* [TRY IT] Excerpt from the entries below: please repeat exactly the lines from the one containing "Những hành khách" through the last one, both ends included, with no pictures.

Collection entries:
★ ★ ★ ★ ★ ★ ★
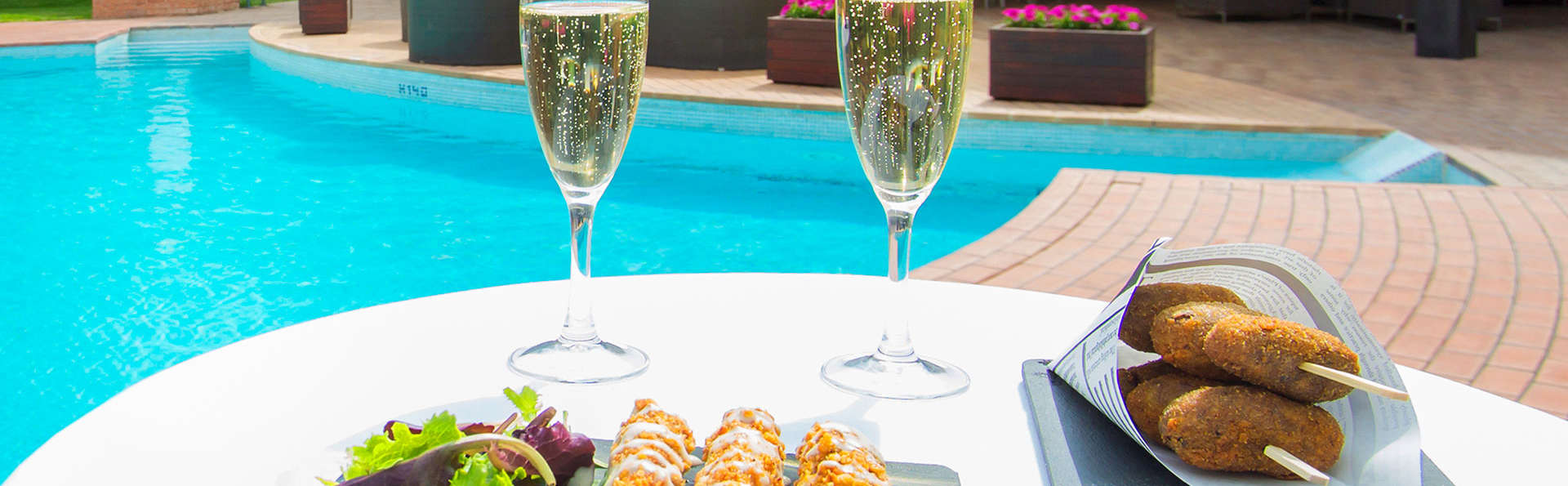 Hotel SB Corona Tortosa - edit_pool.jpg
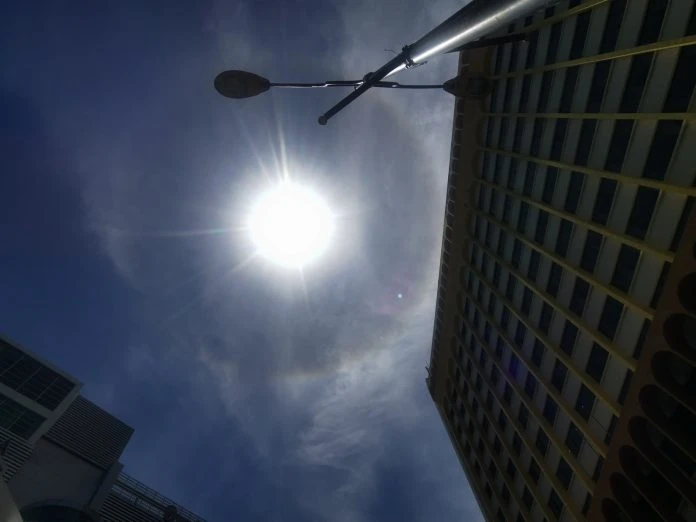 庇上空現「日暈」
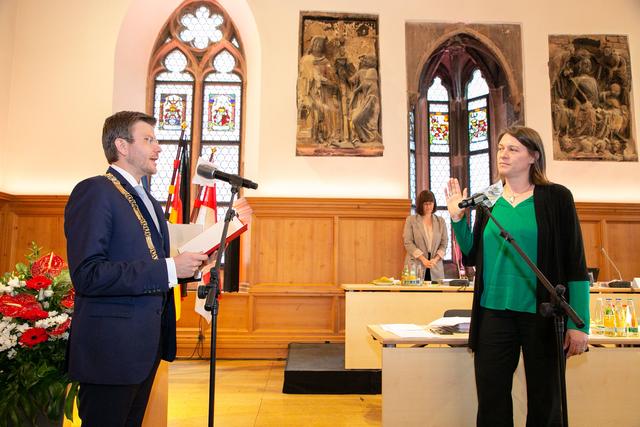 Vereidigung von Elisabeth Ries (Jugend, Familie und Soziales). | Foto: Giulia Iannicelli/Stadt Nürnberg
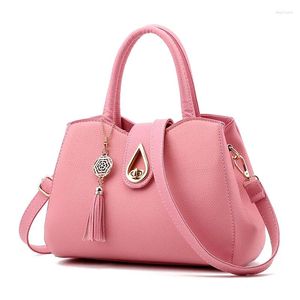 Axelväskor 2024 Fashion Ladies Bag Pu Leather Wild One-Shulder Portable Messenger stor kapacitet Multifunktionell resa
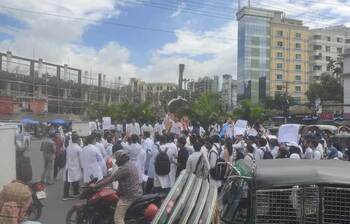 চট্টগ্রামে মেডিকেল কলেজ শিক্ষার্থীদের সড়ক অবরোধ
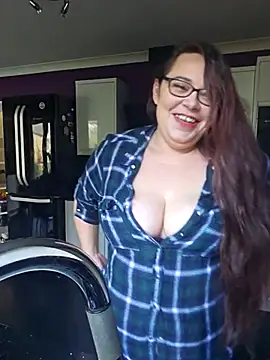 Snapshot of Sexy_Binxy chatting on September 25, 2025, 10:21 am Sexy Binxy online show from September 25, 2025, 10:21 am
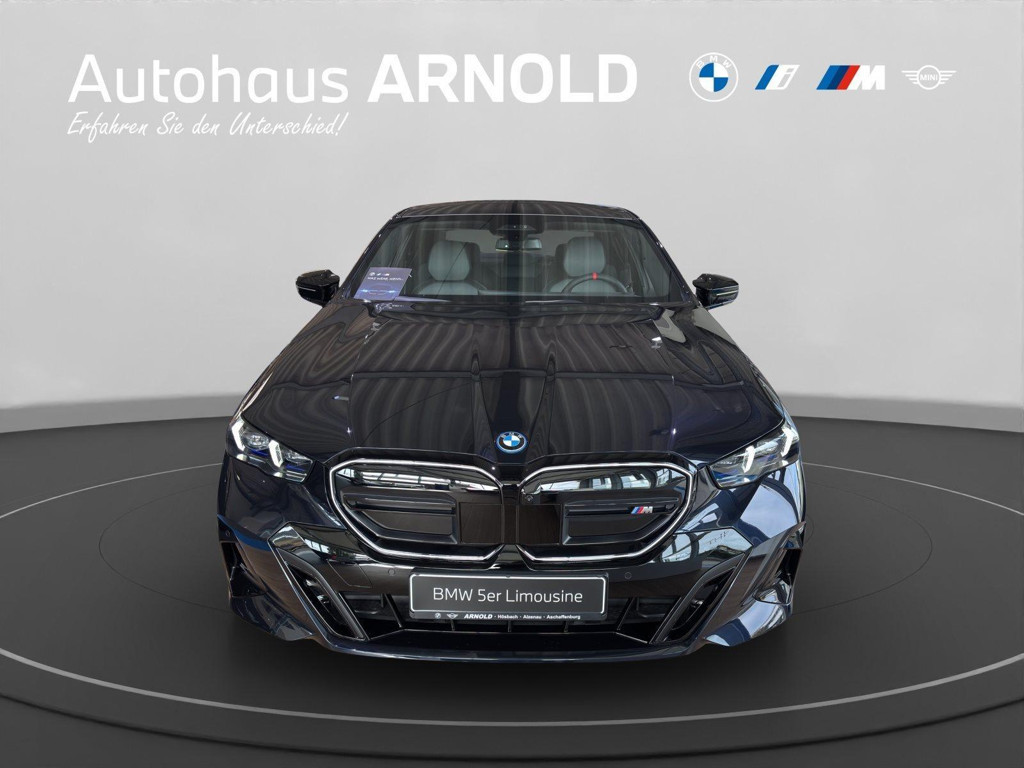 BMW i5 xDrive Sedan M60
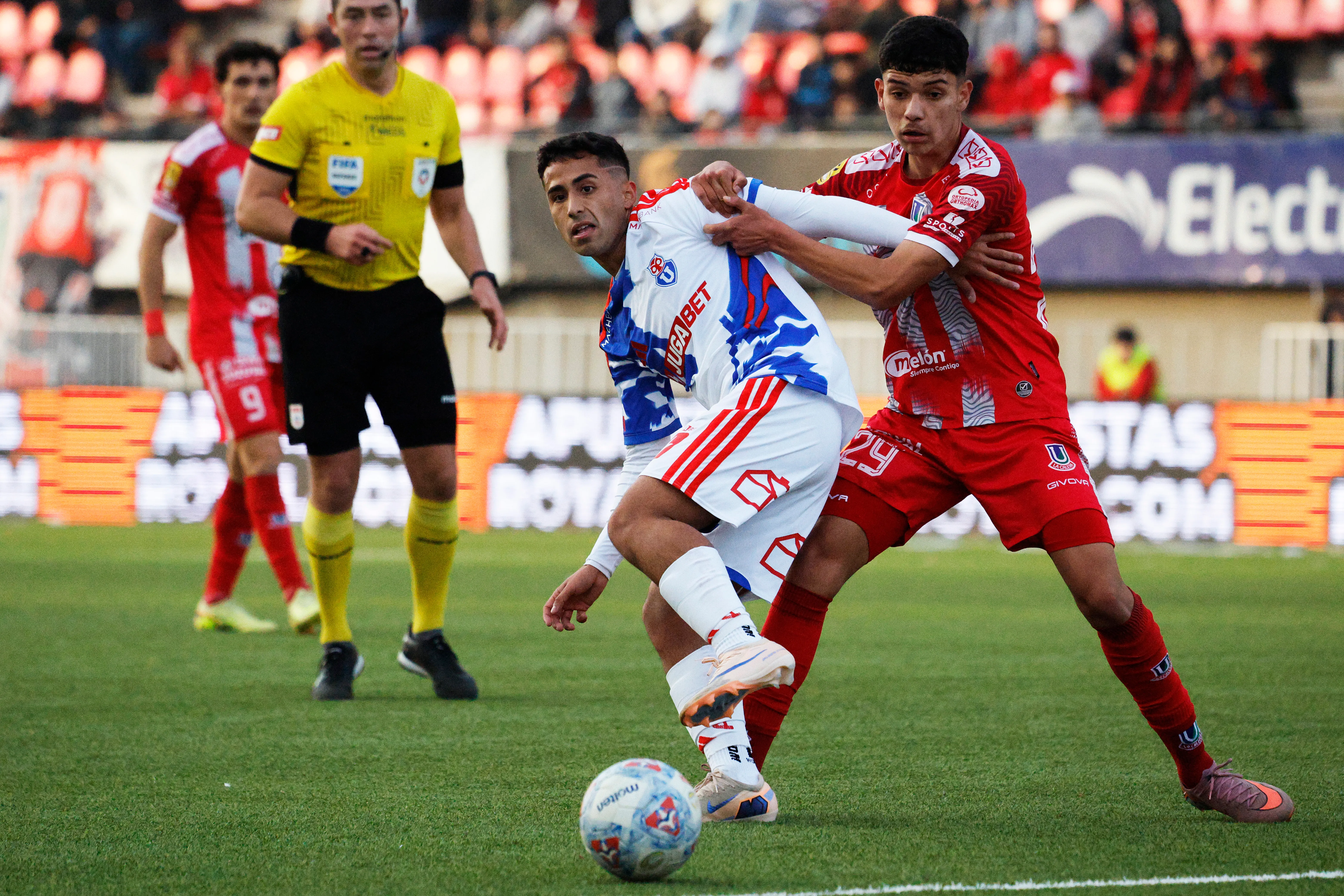 Lucas Assadi tuvo un bajo partido con la U. Foto: Martin Thomas/Photosport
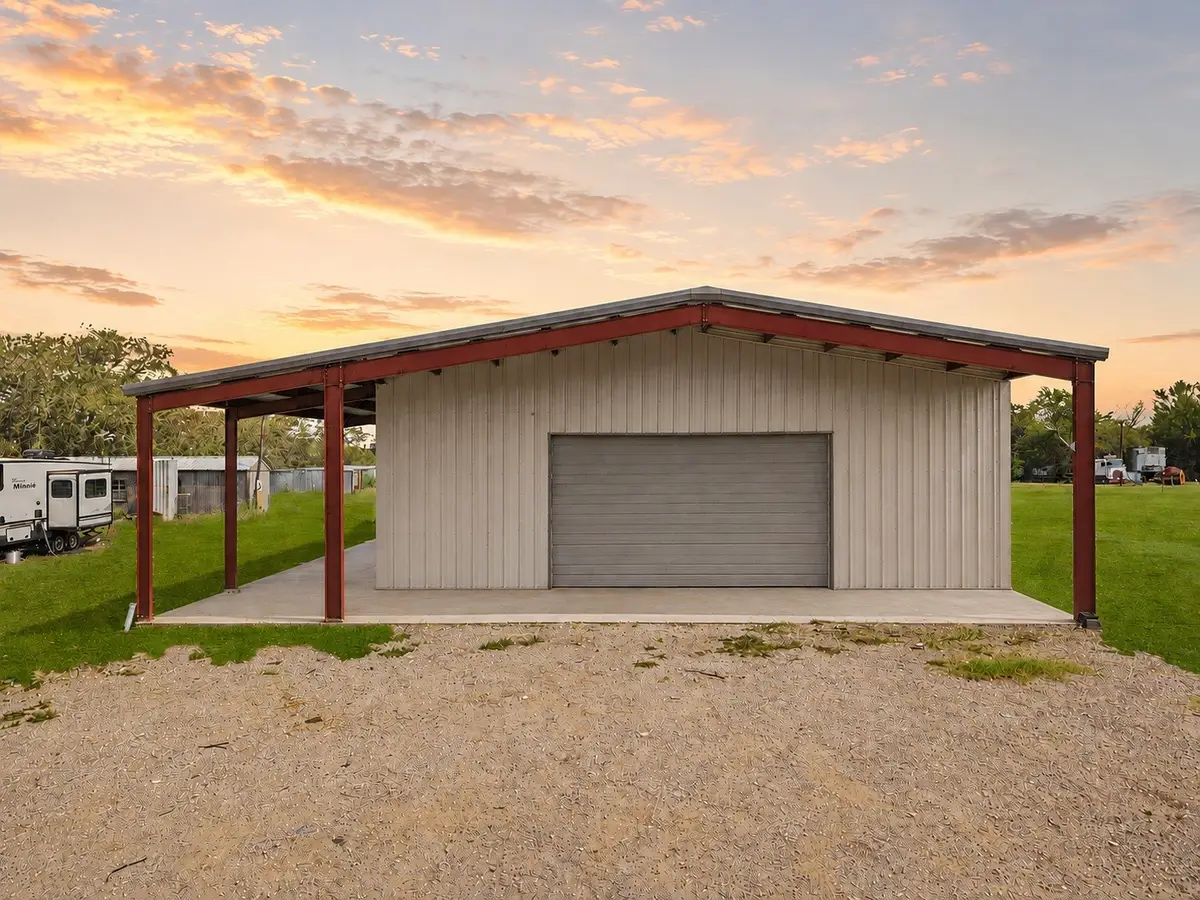600 County Road 504, Flatonia, TX 78941 - #1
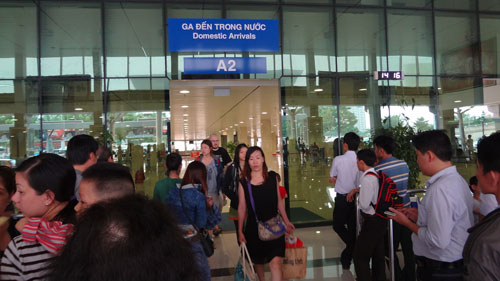 Những hành khách đầu tiên trên chuyến bay nội địa đáp xuống Tân Sơn Nhất sau khi sự cố được khắc phục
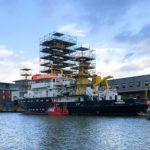 Sicht einer Schiffsreparatur auf einer Hafenrundfahrt Bremerhaven Sehenswürdigkeiten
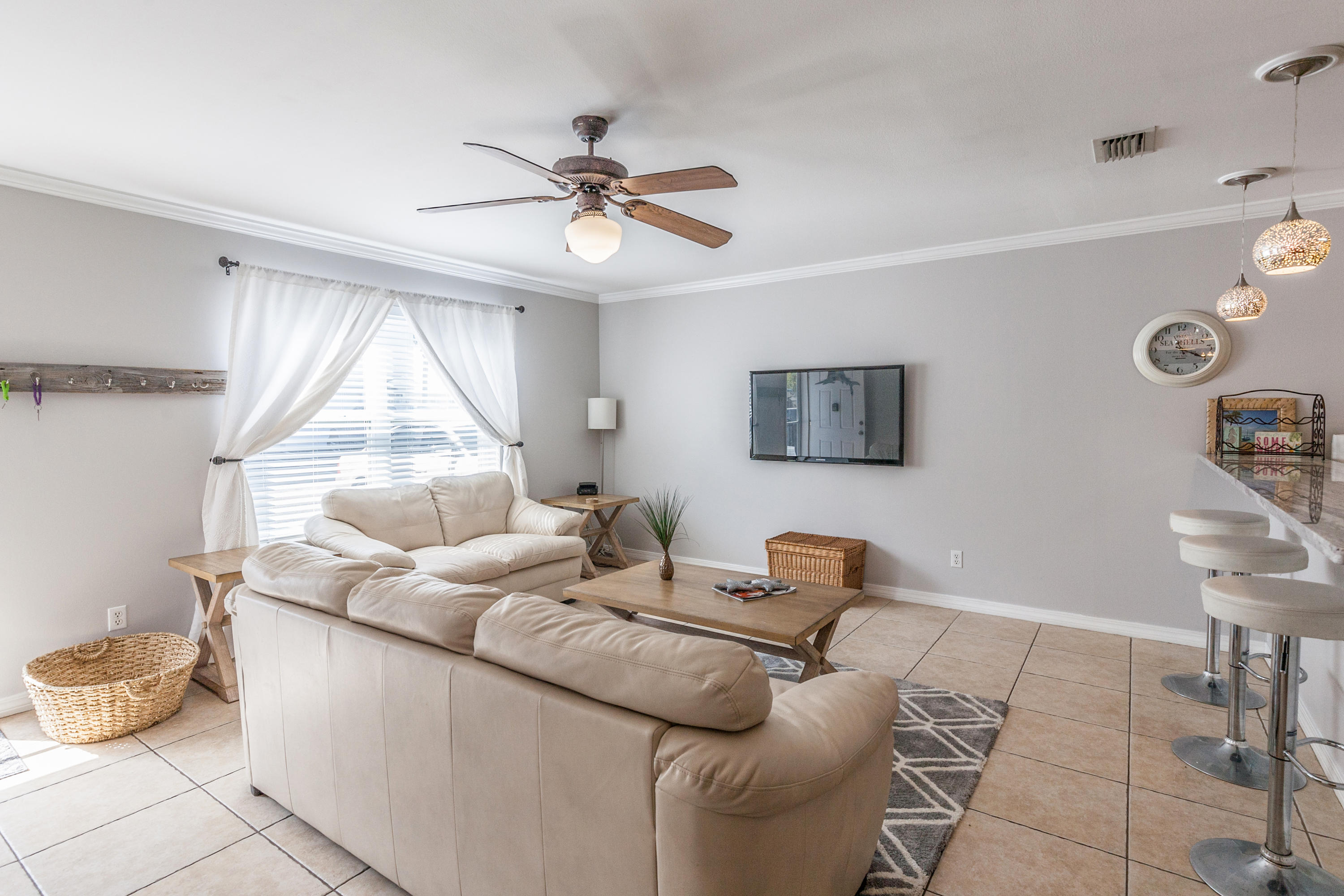 ROYAL SEAESTA - Residential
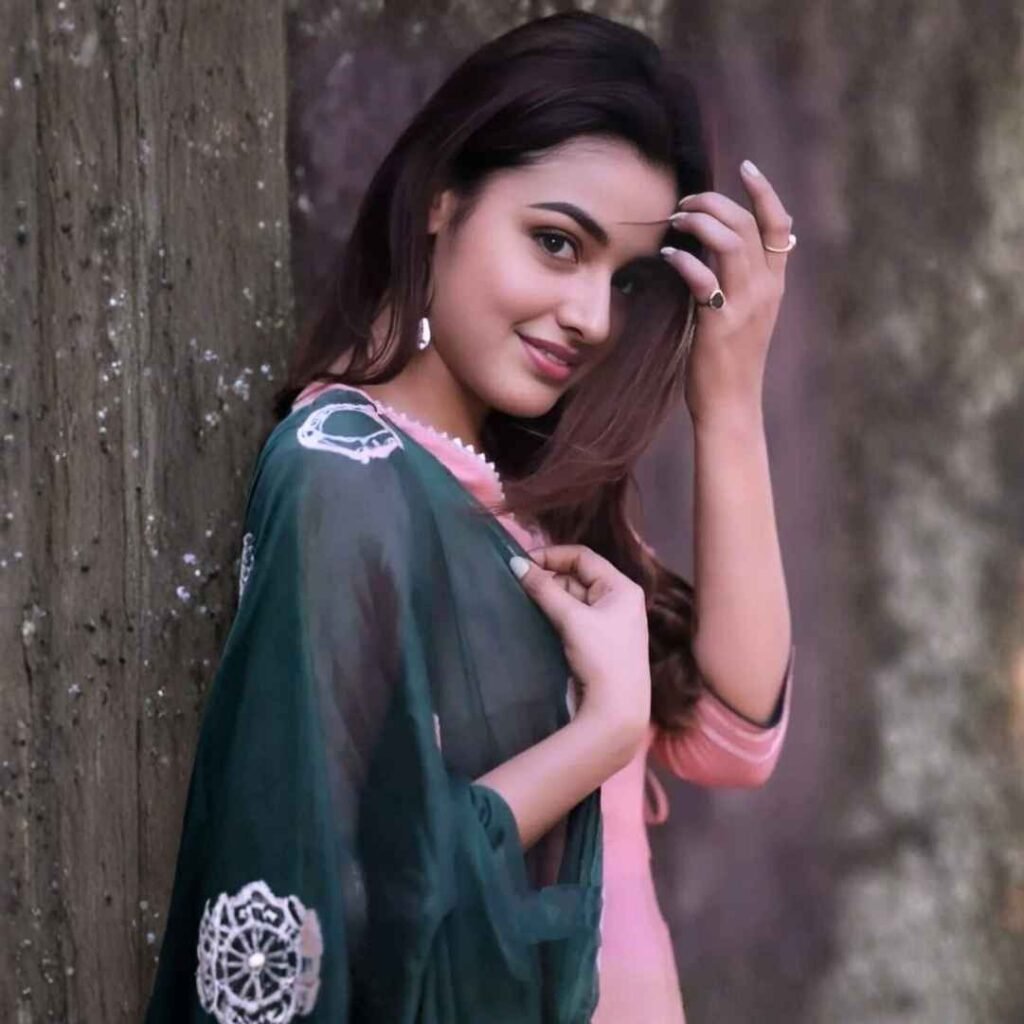  Girl Style Pic DP for Instagram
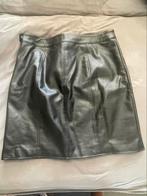 Leder look rok, Kleding | Dames, Rokken, Ophalen, Zo goed als nieuw, Zwart, Boven de knie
★ ★ ★ ★ ★ ★ ★
* [ANSWER BOX]
 Những hành khách đầu tiên trên chuyến bay nội địa đáp xuống Tân Sơn Nhất sau khi sự cố được khắc phục
 Sicht einer Schiffsreparatur auf einer Hafenrundfahrt Bremerhaven Sehenswürdigkeiten
 ROYAL SEAESTA - Residential
  Girl Style Pic DP for Instagram
 Leder look rok, Kleding | Dames, Rokken, Ophalen, Zo goed als nieuw, Zwart, Boven de knie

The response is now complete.